━━ GIVEN ENTRIES ━━
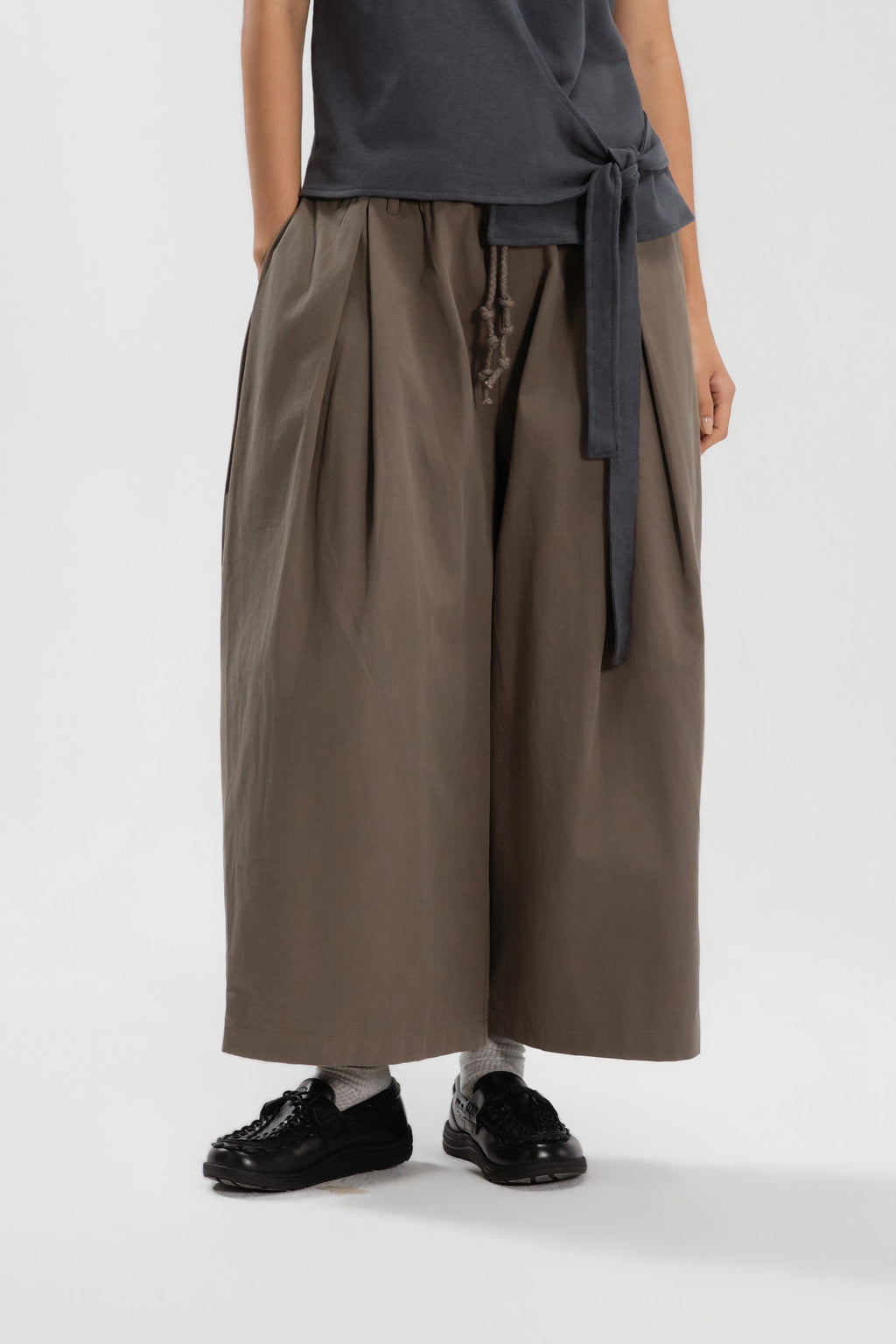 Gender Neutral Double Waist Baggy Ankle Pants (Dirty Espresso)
━━━
━━ GIVEN ENTRIES ━━
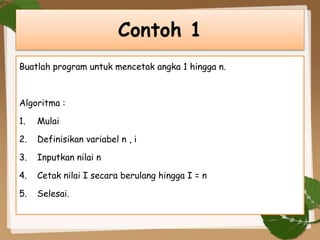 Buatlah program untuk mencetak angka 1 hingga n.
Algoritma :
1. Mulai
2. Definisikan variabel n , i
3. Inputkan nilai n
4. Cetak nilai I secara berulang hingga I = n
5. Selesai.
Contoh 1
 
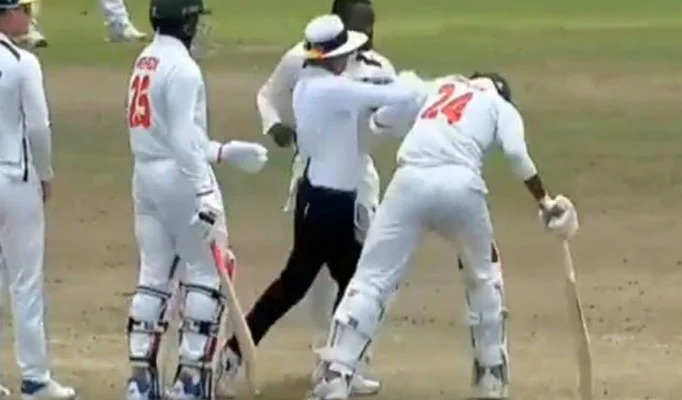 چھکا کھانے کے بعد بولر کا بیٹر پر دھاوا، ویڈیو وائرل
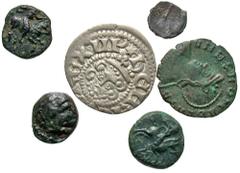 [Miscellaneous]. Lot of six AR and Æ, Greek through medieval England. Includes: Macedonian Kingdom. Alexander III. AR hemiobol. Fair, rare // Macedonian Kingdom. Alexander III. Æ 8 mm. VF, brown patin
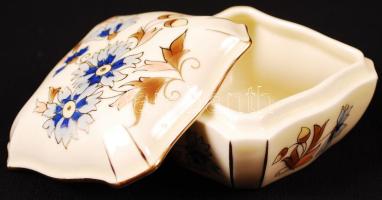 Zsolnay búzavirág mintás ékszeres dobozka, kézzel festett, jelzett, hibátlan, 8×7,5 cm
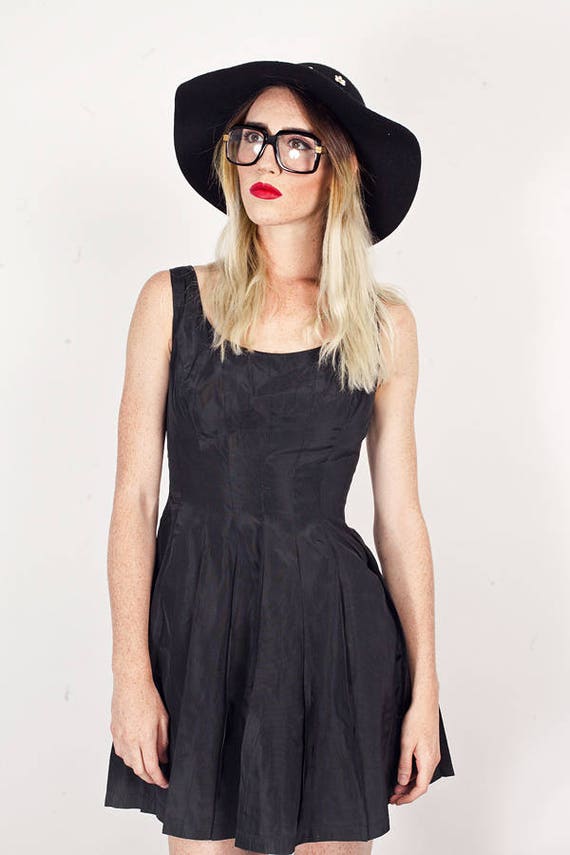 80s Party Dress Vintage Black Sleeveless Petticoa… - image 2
━━━
━━ GIVEN ENTRIES ━━
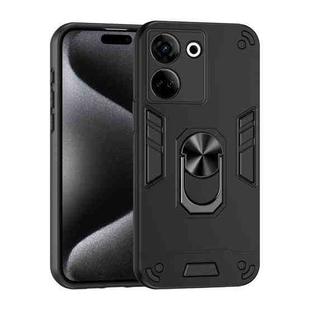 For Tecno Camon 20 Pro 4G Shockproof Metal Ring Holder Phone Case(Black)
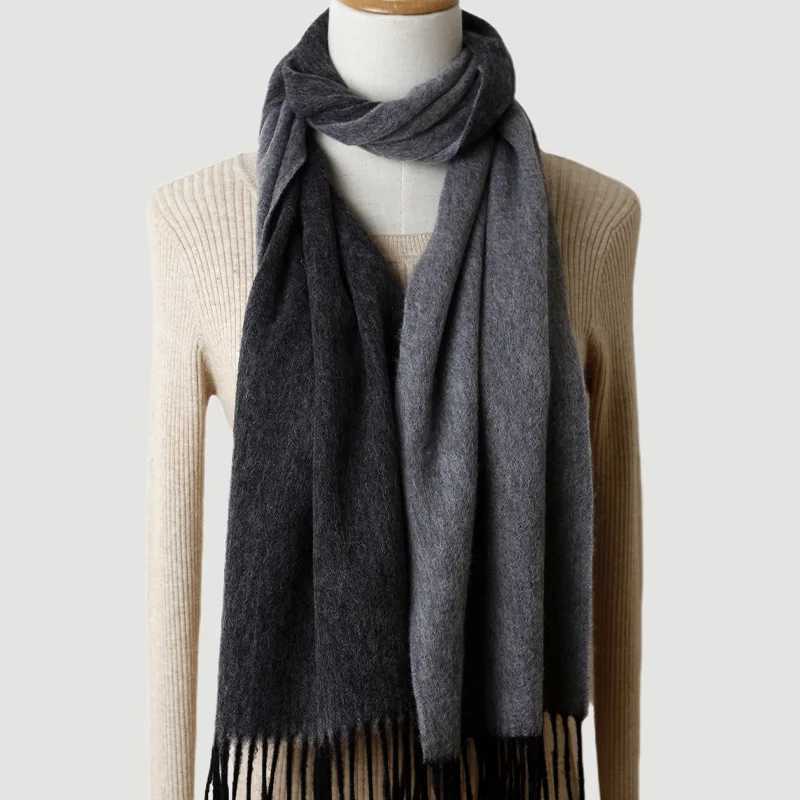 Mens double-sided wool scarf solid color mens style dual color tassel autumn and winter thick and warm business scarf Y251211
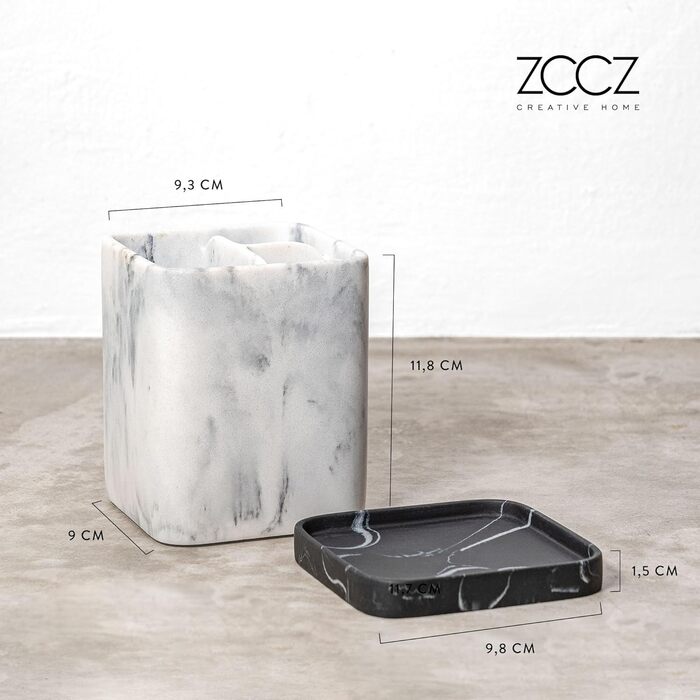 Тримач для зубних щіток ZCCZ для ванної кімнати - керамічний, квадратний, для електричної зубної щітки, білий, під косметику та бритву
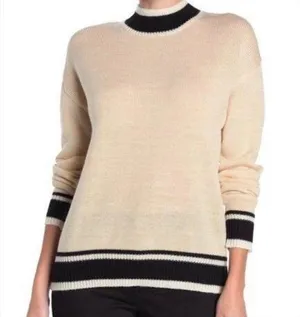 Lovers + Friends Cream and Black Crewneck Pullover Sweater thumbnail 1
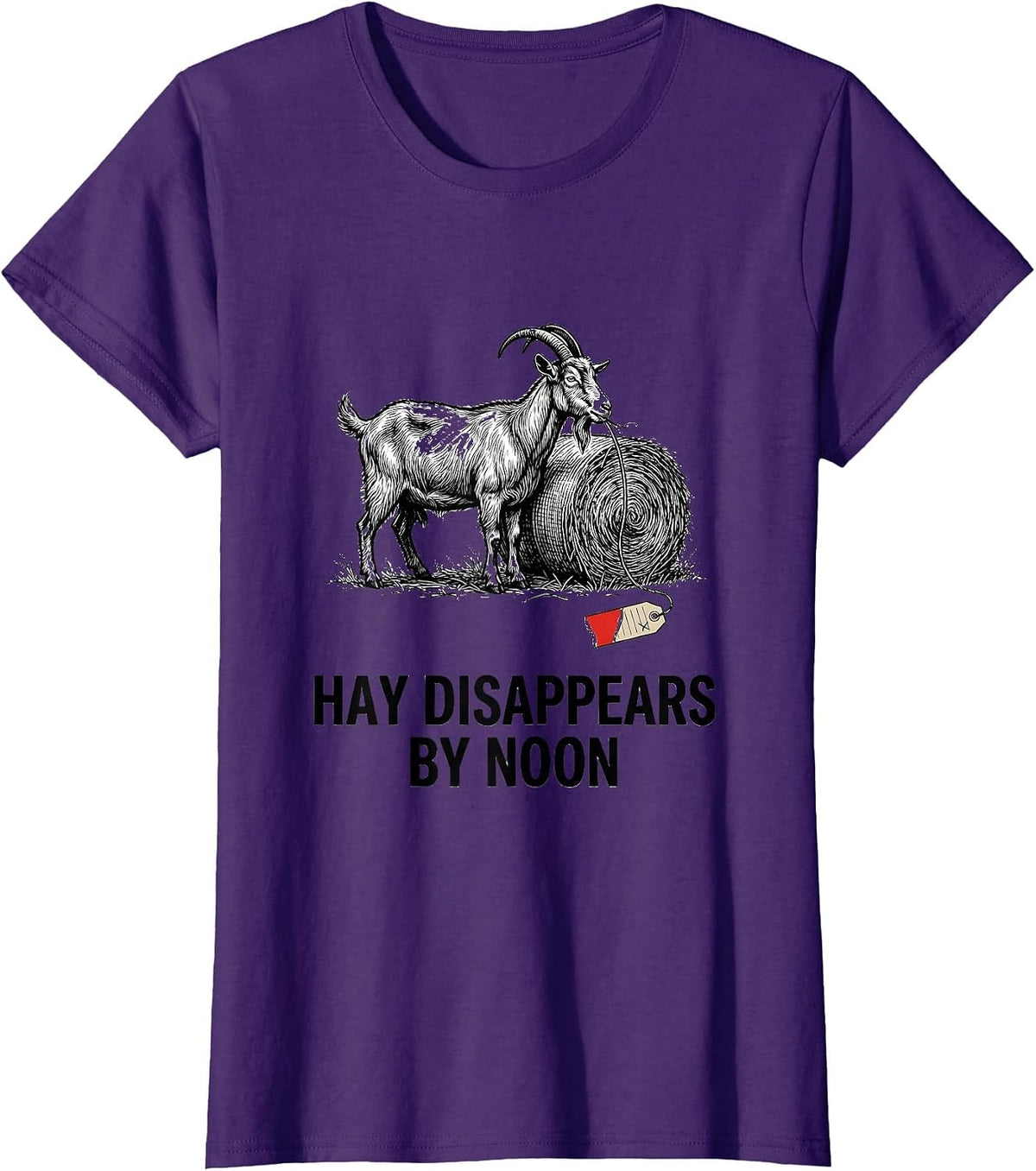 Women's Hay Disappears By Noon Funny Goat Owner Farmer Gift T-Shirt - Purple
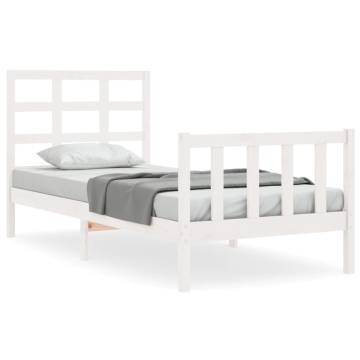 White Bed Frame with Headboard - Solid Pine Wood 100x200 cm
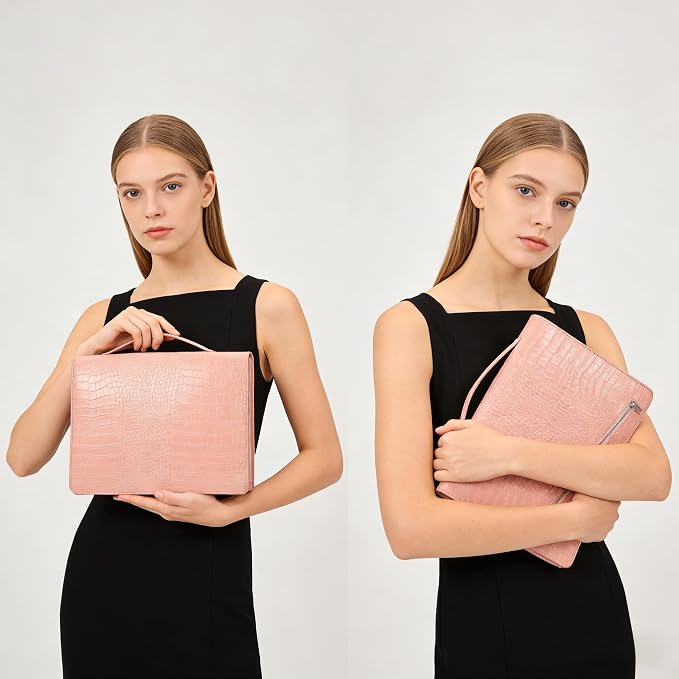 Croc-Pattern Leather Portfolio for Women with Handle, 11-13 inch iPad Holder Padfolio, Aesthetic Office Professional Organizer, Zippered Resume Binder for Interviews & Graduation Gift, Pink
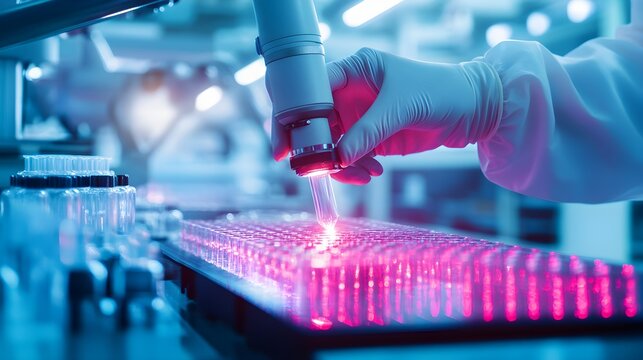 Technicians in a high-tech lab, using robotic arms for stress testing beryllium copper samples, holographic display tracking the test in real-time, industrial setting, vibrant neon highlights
━━━
What belongs in the answer is each line above from the line with "Lovers + Friends" to the line with "Technicians in a", inclusive, reproduced exactly and free of pictures.

 Lovers + Friends Cream and Black Crewneck Pullover Sweater thumbnail 1
 Women's Hay Disappears By Noon Funny Goat Owner Farmer Gift T-Shirt - Purple
 White Bed Frame with Headboard - Solid Pine Wood 100x200 cm
 Croc-Pattern Leather Portfolio for Women with Handle, 11-13 inch iPad Holder Padfolio, Aesthetic Office Professional Organizer, Zippered Resume Binder for Interviews & Graduation Gift, Pink
 Technicians in a high-tech lab, using robotic arms for stress testing beryllium copper samples, holographic display tracking the test in real-time, industrial setting, vibrant neon highlights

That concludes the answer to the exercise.